Empresas e entidades do mercado editorial repudiaram, nesta sexta-feira (6), a ordem dada pelo prefeito do Rio de Janeiro, Marcelo Crivella, para recolher a edição de “Vingadores – A cruzada das crianças” dos estandes da Bienal do Livro. Para o setor, houve uma tentativa de censura.
A obra de história em quadrinhos mostra uma cena em que dois homens se beijam. Crivella diz que o conteúdo é impróprio para menores e pediu, na quinta-feira (5), que a Bienal recolhesse os volumes.
A organização do evento se negou a guardar os livros, e nesta sexta fiscais da prefeitura foram até lá para apreendê-los. Foi a primeira vez em quase 40 anos que esse tipo de ação ocorreu.
Porém, nada foi levado porque todos já haviam sido vendidos. As críticas de Crivella tiveram o efeito contrário, e a obra se esgotou 40 minutos depois de a Bienal abrir as portas, de manhã.
À noite, a Justiça proibiu Crivella de mandar apreender obras na Bienal por causa de seu conteúdo, em especial os de temática LGBT.
Críticas das editoras
O Sindicato Nacional dos Editores de Livros (SNEL), que organiza a Bienal, manifestou “indignação” com a atitude do prefeito e disse repudiar “toda e qualquer forma de censura e restrições à livre manifestação cultural”.
“Para haver democracia é imprescindível o diálogo, a tolerância e o respeito à produção intelectual dos editores e autores em nosso país”, diz a nota do SNEL.
A editora Harpercollins também afirmou que repudia a censura.”Temos orgulho da nossa equipe e das nossas histórias. Vamos continuar publicando livros em que acreditamos. Não toleramos qualquer tentativa de silenciar pessoas, editoras, autores, livros”, diz a editora.
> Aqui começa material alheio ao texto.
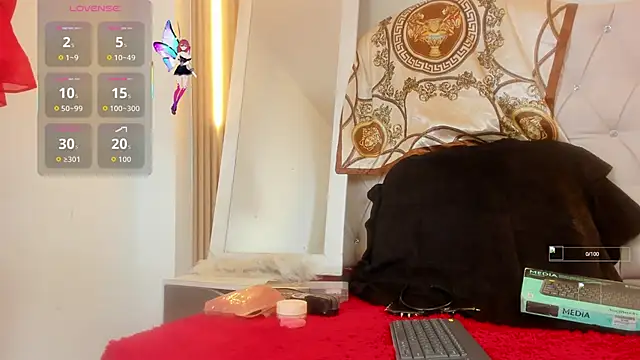 Alexa Bravva online show from 12/04/25, 04:22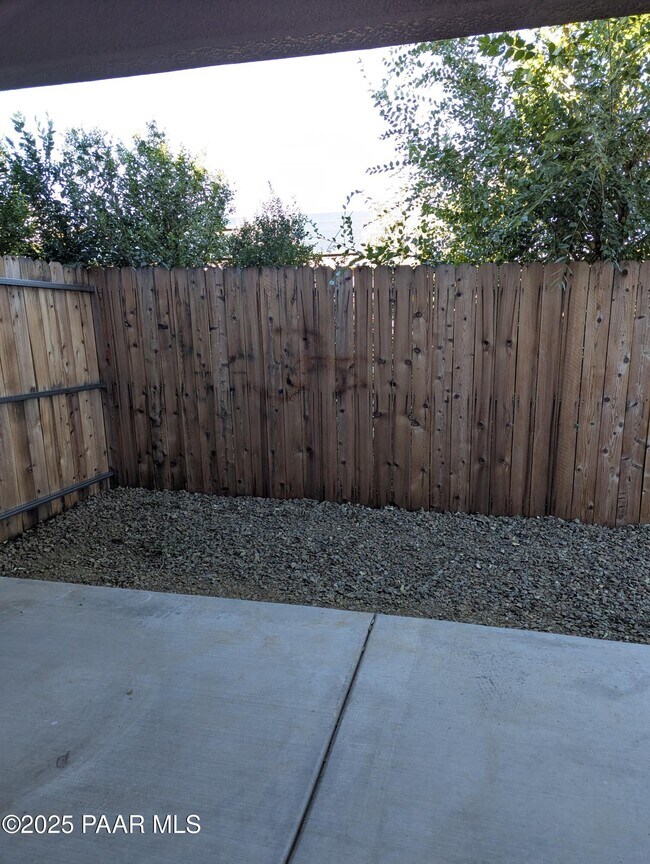 Building Photo - 2976 N Yavapai Rd E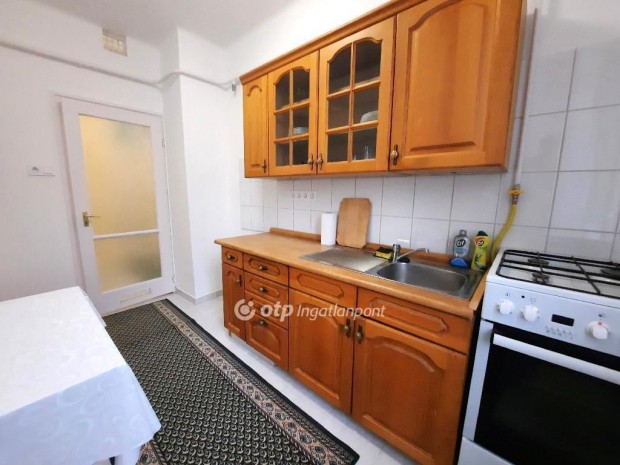 Szolnoki 37 nm-es lak�s elad�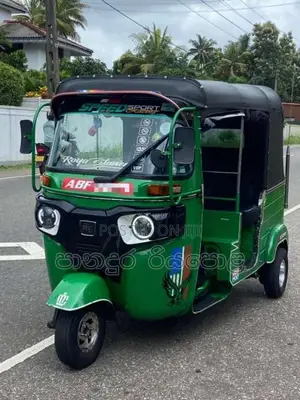 Bajaj 4 Stroke 2015 Three Wheel (Used)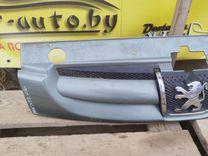 Решетка радиатора 498SKL Peugeot Partner купить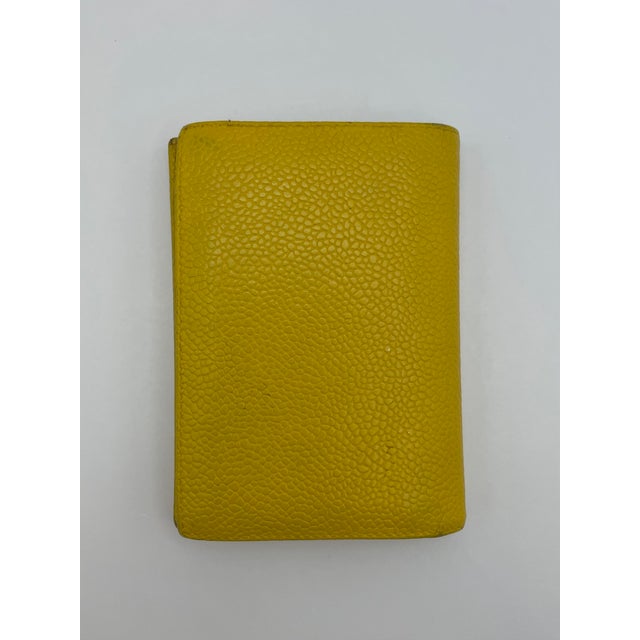 Modern Chanel Yellow Leather Classic Caviar Bifold Wallet For Sale - Image 3 of 5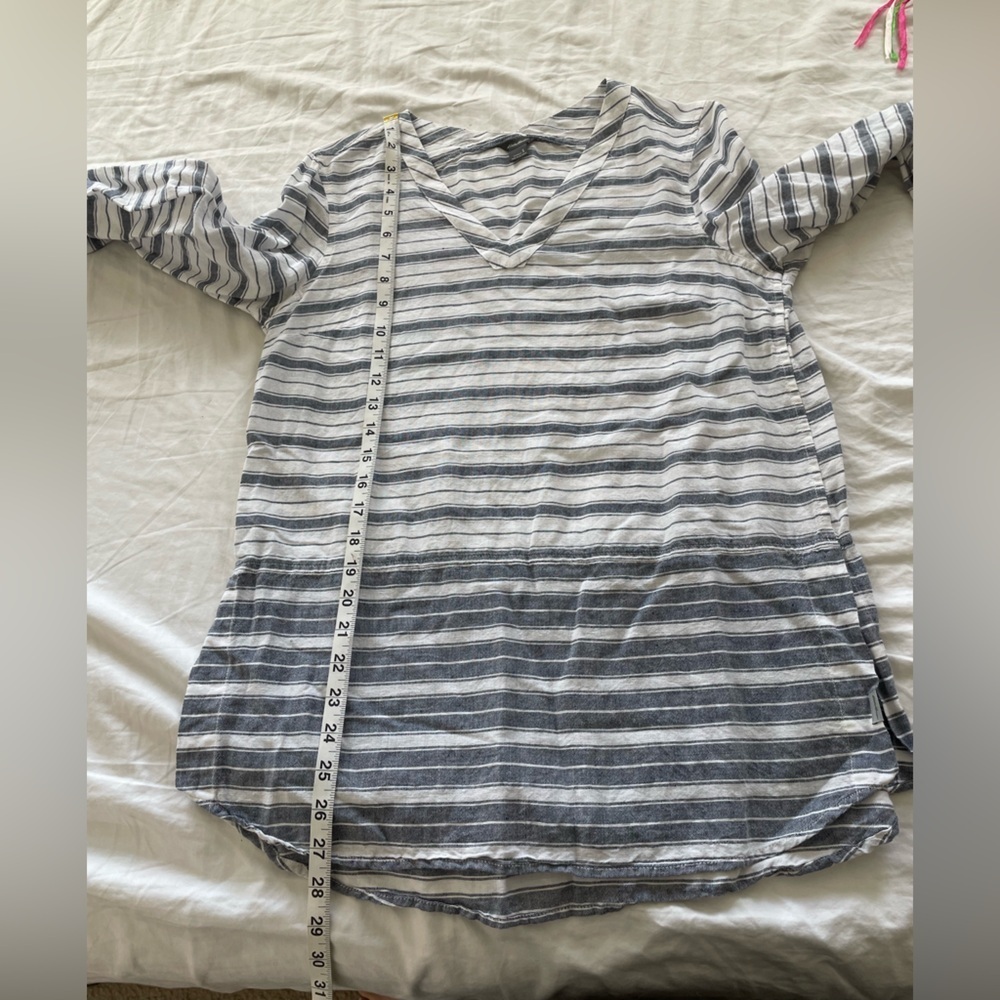 Eddie Bauer lightweight v-neck linen cotton blend quarter sleeve top | S - Picture 8 of 11
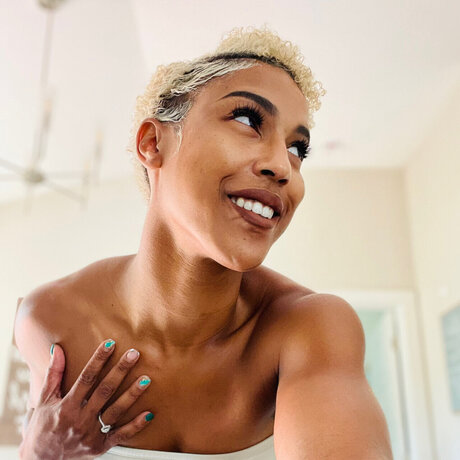 Rene Gold_ onlyfans model photos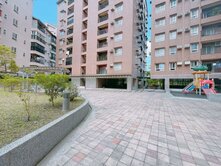 宜蘭縣政高鐵採光3房華廈(附平面車位喲~🚗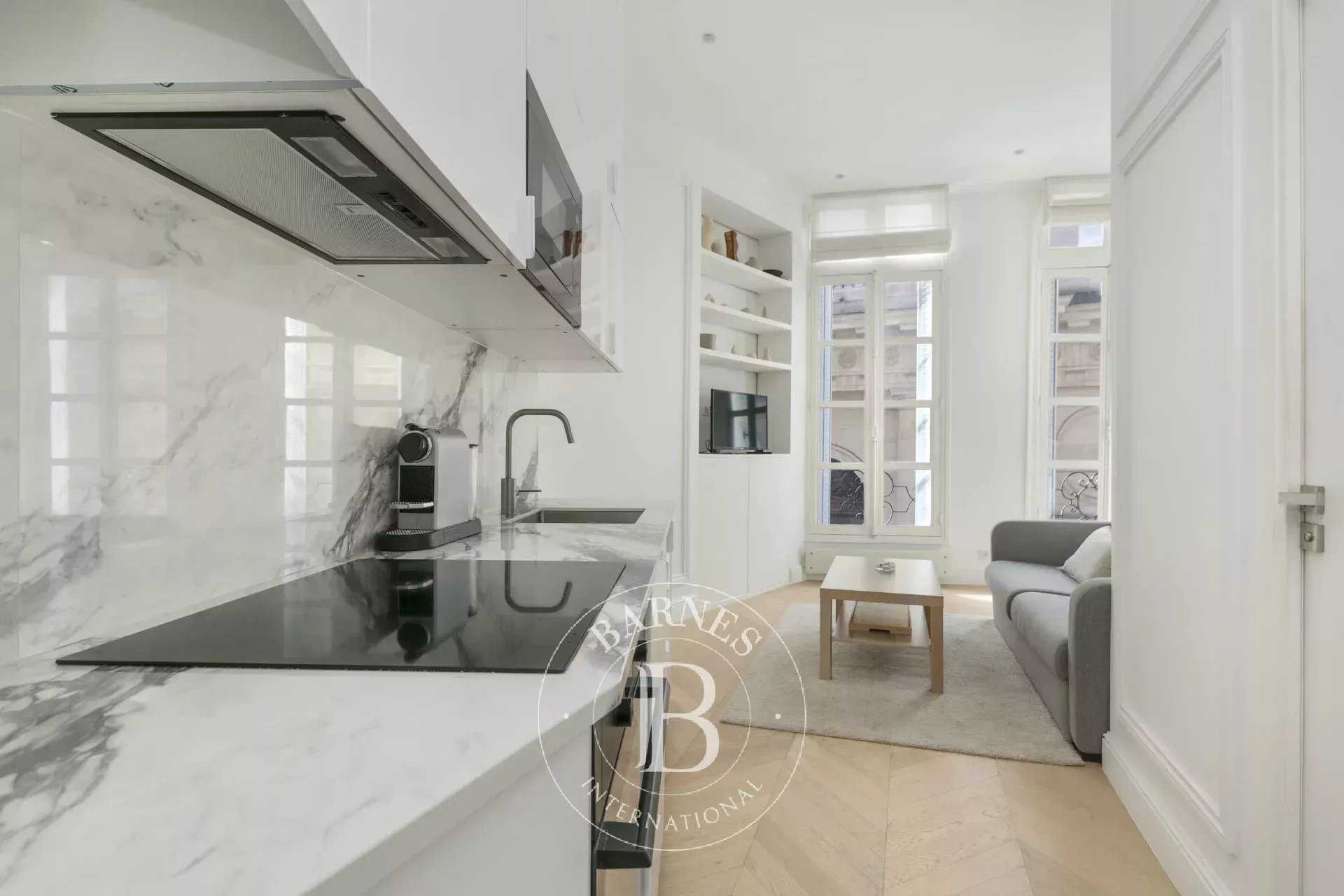 Appartement Paris 75001  -  ref 86219712 (picture 1)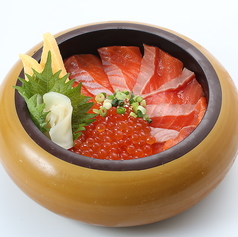炙りサーモンとイクラの親子丼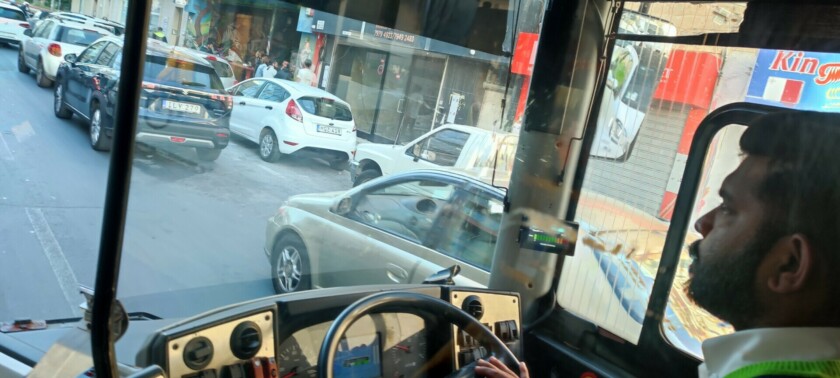Máltán a buszsofőrök indiaiak. Ez vár Miskolcra is. Küldjél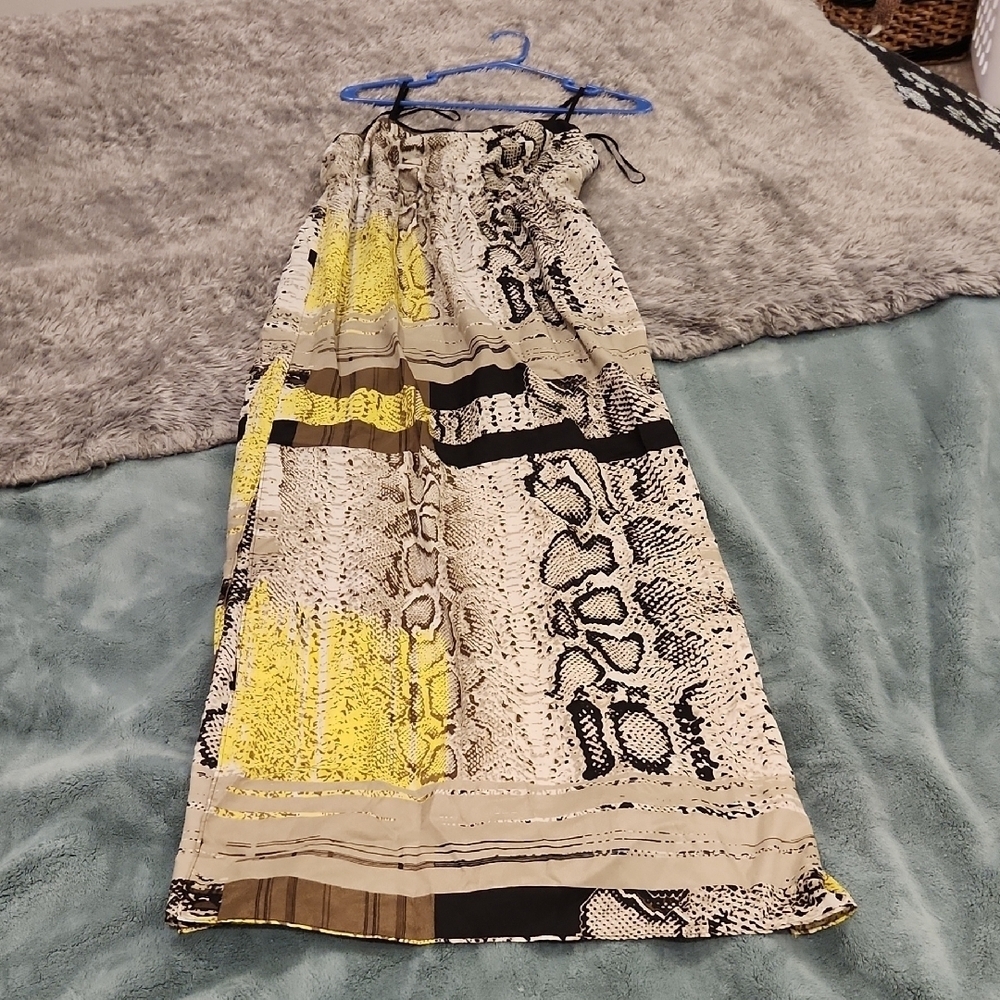 Vince Camuto Beige and Black Snake Print Maxi Dress Size XS!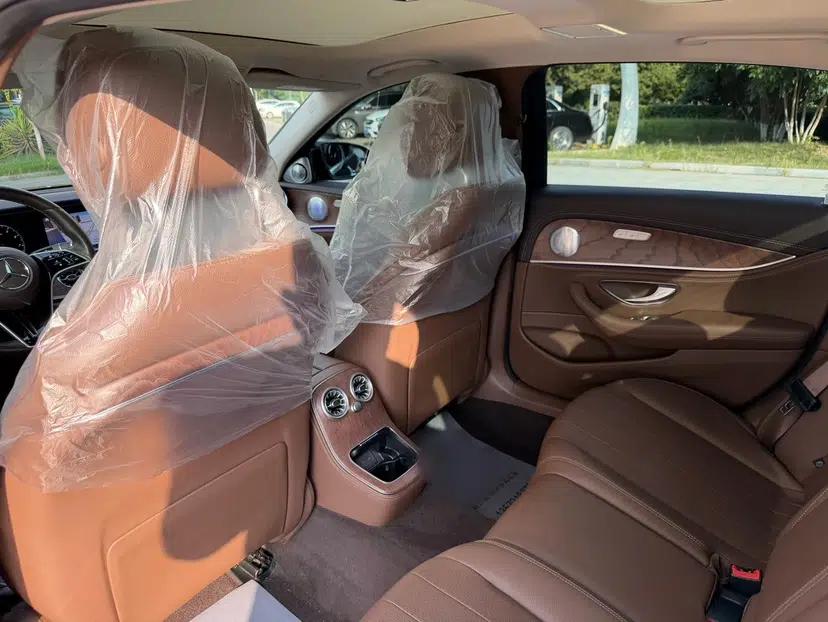 Mercedes-Benz E-Class 2023 Updated E 300 L Fashion Edition — миниатюра 14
O coro contra a censura foi reforçado em nota pela Editora Planeta: “Temos muito orgulho. Orgulho dos livros que publicamos, da pluralidade de vozes dos nossos autores e leitores”.
A Zahar divulgou comunicado em que defende a “programação dentro do espírito da bienal: plural e onde todos são bem-vindos e estão representados”.
O Grupo Autêntica afirmou que “apoia a diversidade”. Segundo a editora, a atuação da prefeitura é contrária às lutas da empresa: “a construção de um mundo livre, sem preconceitos, no qual cada pessoa tenha o direito de amar quem quiser”.
A editora Globo Livros disse, em nota, que “acredita na cultura e na diversidade e repudia qualquer tipo de censura”. E acrescentou que “todas as obras com este tema continuarão à venda, à vista de todos”.
A Companhia das Letras informou estar orgulhosa do posicionamento da organização da Bienal e disse que “posturas como a do prefeito Marcelo Crivella e do governador João Doria tentam colocar a sociedade brasileira em tempos medievais”. Recentemente, Doria mandou recolher uma apostila escolar que falava sobre diversidade sexual.
“Eles [Doria e Crivella] desprezam valores fundamentais da sociedade e tentam impedir o acesso à informação séria, que habilita os jovens a entrar na fase adulta mais preparados para uma vida feliz. Essas medidas, mais a suspensão do edital que daria apoio à produção de filmes LGBTQ+ por parte do governo federal, indicam uma perigosa ascensão do clima de censura no país – flagrantemente inconstitucional – e que traz a marca de um indesejável sentimento de intolerância discriminatória”, opinou Luiz Schwarcz, CEO e fundador da Companhia das Letras.
A Associação Nacional de Editores de Revistas (Aner), da qual a editora Panini faz parte, condenou “toda e qualquer iniciativa que vise intimidar a livre expressão e a liberdade de publicação em clara ação de censura”.
“A ideia que sustenta a ação de censura remete o país a um tempo de intolerância e incivilidade que superamos há muitos anos e que a maioria dos brasileiros não deseja que volte a nos assombrar”, criticou a Aner.